### Raw data

==================================================

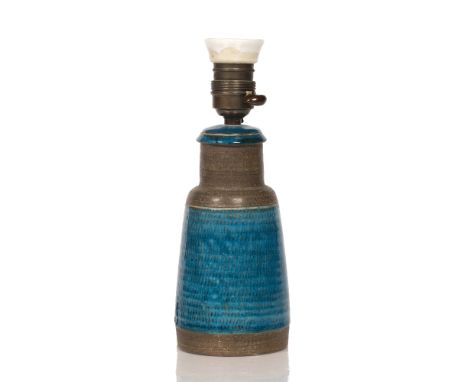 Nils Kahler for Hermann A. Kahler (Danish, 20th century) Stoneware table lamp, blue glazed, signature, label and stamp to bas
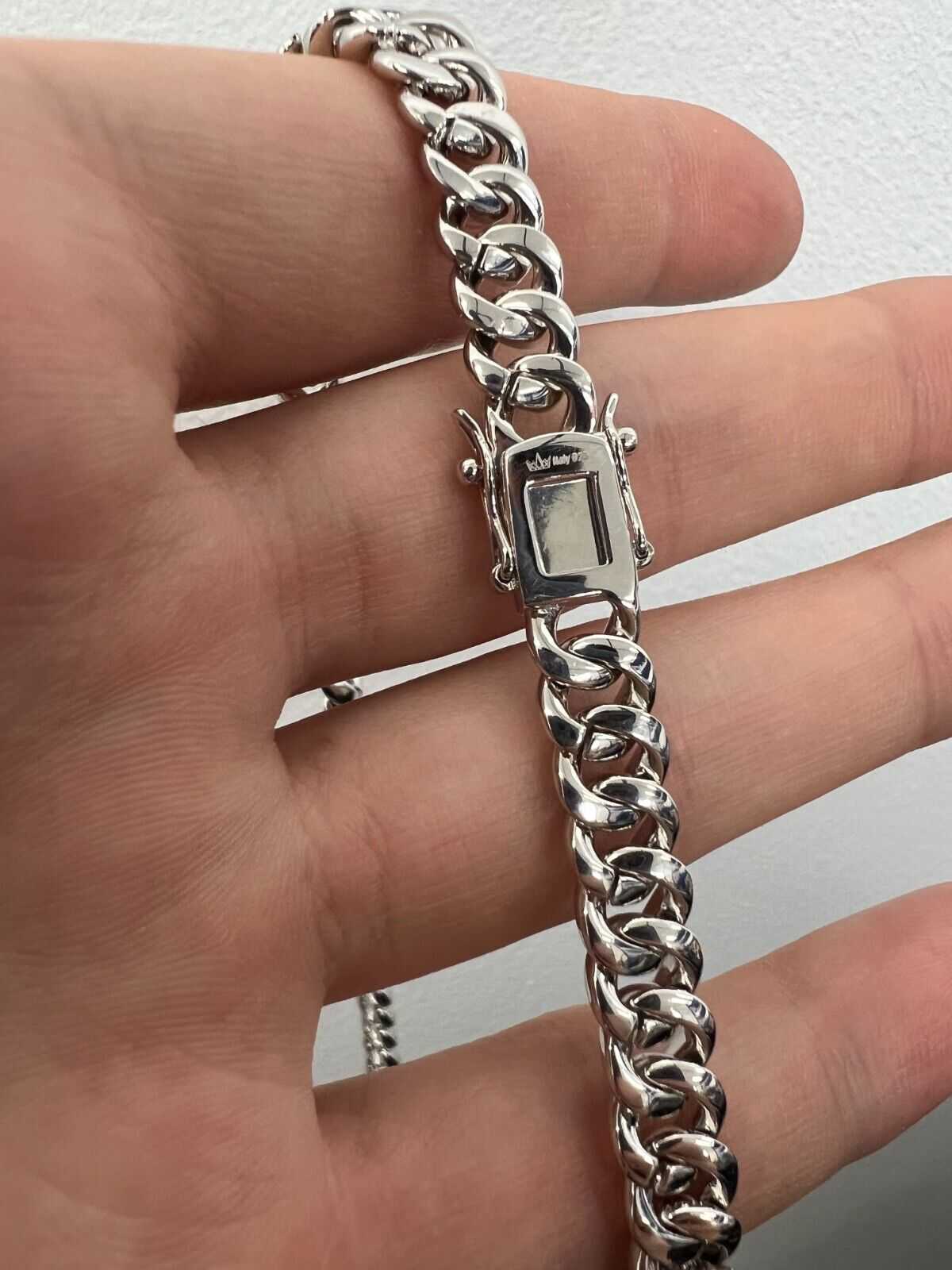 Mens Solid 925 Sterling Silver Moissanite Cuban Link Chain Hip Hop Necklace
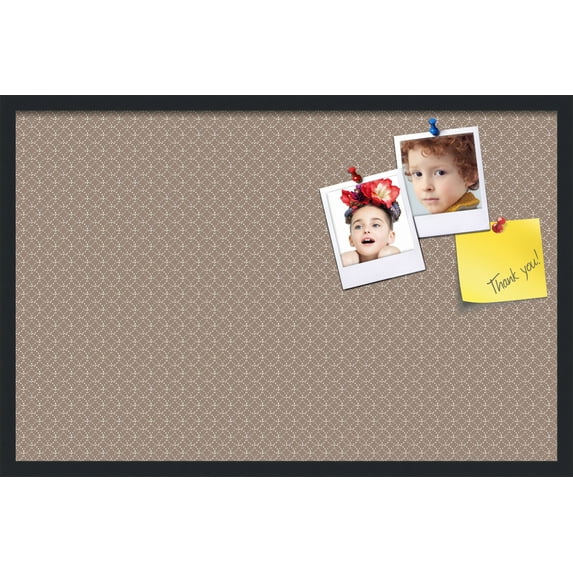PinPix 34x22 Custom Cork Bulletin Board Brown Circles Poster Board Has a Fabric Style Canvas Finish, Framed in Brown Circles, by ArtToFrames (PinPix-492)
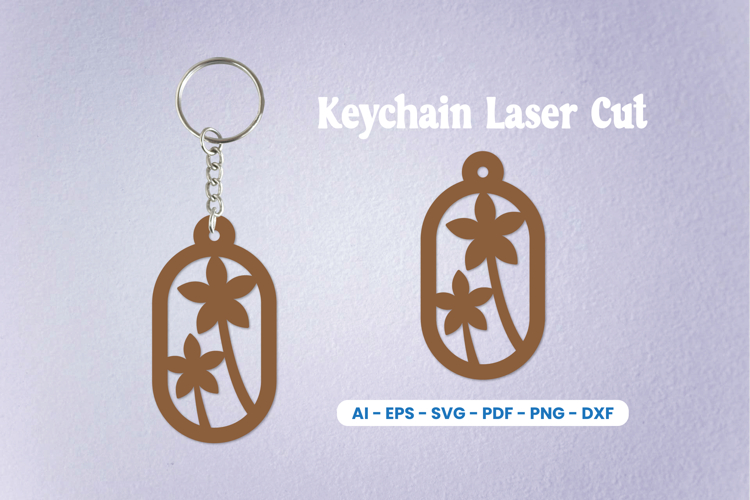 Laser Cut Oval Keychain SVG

==================================================

### What you are asked to do
Reproduce the material above verbatim; omit every picture.

### Output
 Nils Kahler for Hermann A. Kahler (Danish, 20th century) Stoneware table lamp, blue glazed, signature, label and stamp to bas
 Mens Solid 925 Sterling Silver Moissanite Cuban Link Chain Hip Hop Necklace
PinPix 34x22 Custom Cork Bulletin Board Brown Circles Poster Board Has a Fabric Style Canvas Finish, Framed in Brown Circles, by ArtToFrames (PinPix-492)
 Laser Cut Oval Keychain SVG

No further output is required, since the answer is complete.